For Dawes, then, the Act grew out of his belief in the dichotomy between civilization and barbarism (articulated previously in North America by Fenimore Cooper and in South America by Domingo Sarmiento), and it reflected his belief that the only way to resolve the dichotomy was to assimilate the Indian into American culture. It was, that is, an explicit effort to commit cultural genocide. And, needless to say, it nearly succeeded.
Yet many historians believe Dawes was initially inspired by a Native American woman, by the name of Susette La Flesche. Historian Ray Ginger tells the story:
Both of her parents were métis, one grandfather being French, the other English. Her father, Joseph La Flesche, also known as Iron Eye, was the chief of the Omaha from 1853 to 1864 and continued thereafter as a leader until his death. He became a Christian, and urged that the Indian must accommodate himself to the ways of the whites. He must trade the buffalo for the plow, and accept the white man's God or die under the white man's guns. While not rejoicing in these changes, Iron Eye believed that they were inevitable -- and he thought it more useful to cooperate with the inevitable than to languish in proud but futile resistance. Educated in the white man's schools, four of his children became luminaries in white occupations.
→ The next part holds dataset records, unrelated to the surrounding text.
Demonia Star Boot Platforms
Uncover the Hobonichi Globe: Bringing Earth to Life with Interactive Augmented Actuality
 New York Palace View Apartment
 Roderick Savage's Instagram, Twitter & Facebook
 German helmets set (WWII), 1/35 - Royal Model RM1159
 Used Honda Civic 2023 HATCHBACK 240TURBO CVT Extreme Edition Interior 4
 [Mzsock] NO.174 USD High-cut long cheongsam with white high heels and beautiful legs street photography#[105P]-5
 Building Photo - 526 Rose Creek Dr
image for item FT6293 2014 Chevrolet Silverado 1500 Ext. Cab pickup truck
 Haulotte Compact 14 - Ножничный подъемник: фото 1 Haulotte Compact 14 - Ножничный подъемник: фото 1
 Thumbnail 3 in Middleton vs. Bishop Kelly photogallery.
Susette La Flesche (1854-1903), because of her lecture tours on behalf of Indian rights, was better known in the white world than were her siblings. She grew up on a reserve in eastern Nebraska, attending there a Presbyterian mission school and than [sic] a girls' seminary in New Jersey. Her prominence began in 1879 when she publicly protested the forced removal of the Poncas from their home in Nebraska to the Indian Territory. An Omaha newspaperman, Thomas Henry Tibbles, described her appearance on the platform at a large local church: "There stood the little figure, trembling, and gazing at the crowd with eyes which afterwards thrilled many audiences. They were wonderful eyes. they could smile, command, flash, plead, mourn, and play all sorts of tricks with anyone they lingered on."
When Tibbles went East to rally support, she went with him. Wearing Indian garb and using her name Inshta Theumba ("Bright Eyes"), she galvanized an audience in Boston that included Helen Hunt Jackson and Senator Henry L. Dawes. The experience helped move Mrs. Jackson to write the best-known pro-Indian tracts of the period: A Century of Dishonor (1881) and Ramona (1884). Dawes was inspired to sponsor the Severalty Act of 1887, which permitted the division of a reservation among individual Indians who could gain the rights of citizenship. Although this act, sponsored by humanitarians and relished by incipient thieves, probably did more to threaten the survival of Indians than all the crooked Indian agents who ever lived, Bright Eyes, faithful to her father's tenets of assimilation, was among its most ardent advocates.
La Flesche's role in the Dawes Act really is a cautionary tale, warning us about the dangers of good intentions. The Dawes Act was an open effort to destroy Native American culture, yet it was enthusiastically welcomed by some Native Americans who had accepted the basic assumption of American racism: that Indians were barbarous savages doomed to destruction by the superior advanced civilization of the United States.
Now that the civilation vs. barbarism dichotomy has reappeared in American culture -- this time opposing our civilization against the barbarous terrorists of the Middle East -- as Americans we really must examine how poorly it has served us in the past.